Model number(s): DGO3001T (bumper), DGO4006 (tire carrier)
Price As Tested: $795.00
Material (Bumper): Formed 1/4-inch Plate steel
Material (Carrier): 2x2 square steel tube
Latch Type: proprietary "two finger" latch
Hinge Type: Oil impregnated bronze bushing and Torrington roller bearing
Hinge Hold Open: Yes
Recovery Points: Yes
Receiver Hitch: Yes
Hi Lift Mount: optional
Frame Tie In: Yes, see installation notes
Max Tire Rating: No size limit. Some accessories won't work with bigger than 36-inch tires though
Available Optional Items: Hi-Lift Jack holder, third brake light, Durango mountain basket, Durango single gerry can rack
Finish: textured powder coating

Instruction Rating (1-5 high): 4

Installation Notes: With all the other kits including frame tie-ins that worked behind the cross member and into the frame, it took us a while to figure out that this frame tie in went over the top of the cross member and into the frame. However, if you don't have a body lift on the Jeep, you'll have to bend the bottom lip of the body to get the bracket to go through. The instructions say you might have to loosen the body mount bolts. Just hammer it. Aside from that, the holes to the bottom of the frame lined up, as did the holes in the cross member. The latch adjustment was easy too. A drill will be needed for the frame bracket on the YJs. We consider the upper frame support a necessity, as the bumper just flexed too much for our liking without it.

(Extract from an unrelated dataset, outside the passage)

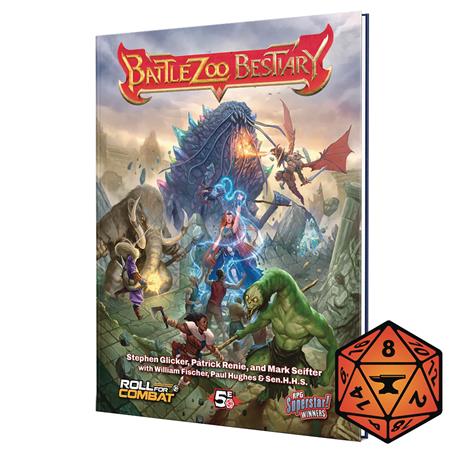 BATTLEZOO BESTIARY (5E) HC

Tools Needed: simple hand tools, drill, hammer, cold steel punch

Usage Rating: 5

Usage Notes: Between the easy to use latch, the Torrington rollers on the hinge, and the hold open, this thing is easy to use day to day. As noted below, the rattling got to us after a while though.

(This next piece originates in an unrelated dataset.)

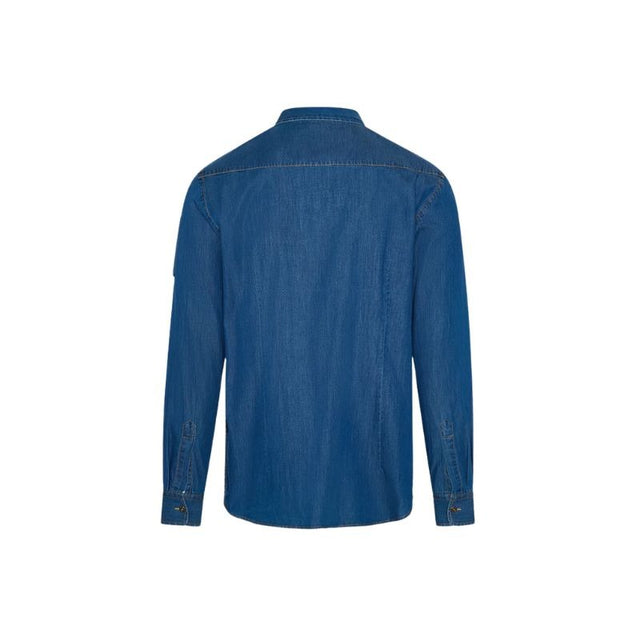 Camicia jeans uomo Gary's Mattia 260800 manica lunga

Rattle Rating (1-5 [being rattle the least]): 3

Vibration Rating (1-5 [5 being vibrated none at all]): 3

Rattle and Vibration Notes: The same latch that makes this bumper a joy to use day-in and day-out also lets it rattle quite a bit. The initial adjustment had it nice an quiet, but within a few weeks, it was rattling away. A re-adjustment of the latch shut it up for a while, but again we needed to adjust it. It seemed that each subsequent adjustment would provide a rattle-free experience for less time than the last adjustment. Somewhere around the 3000 mile mark, we just let it rattle. We found later that adjusting the tailgate bumpers per Currie's instructions made it both vibrate and rattle less but only did this right at the end.

Perceived Durability Rating (1-5 high): 3

Perceived Durability Notes: The 3 is because of the way the bumper itself flexes under load. We aren't worried about the carrier or the hinge in this case, it is how much the steel flexes. The frame tie-ins greatly alleviate that problem, and the fact that the hinge is bolted together means less chance of the hinge cracking due to the weld-heated brittleness that some carriers exhibit. Also, our issues with the latch adjustment game persisted throughout testing. If we welded the adjustment down once it was tight, after the powder coating wore off of the thing, it would probably have faired better.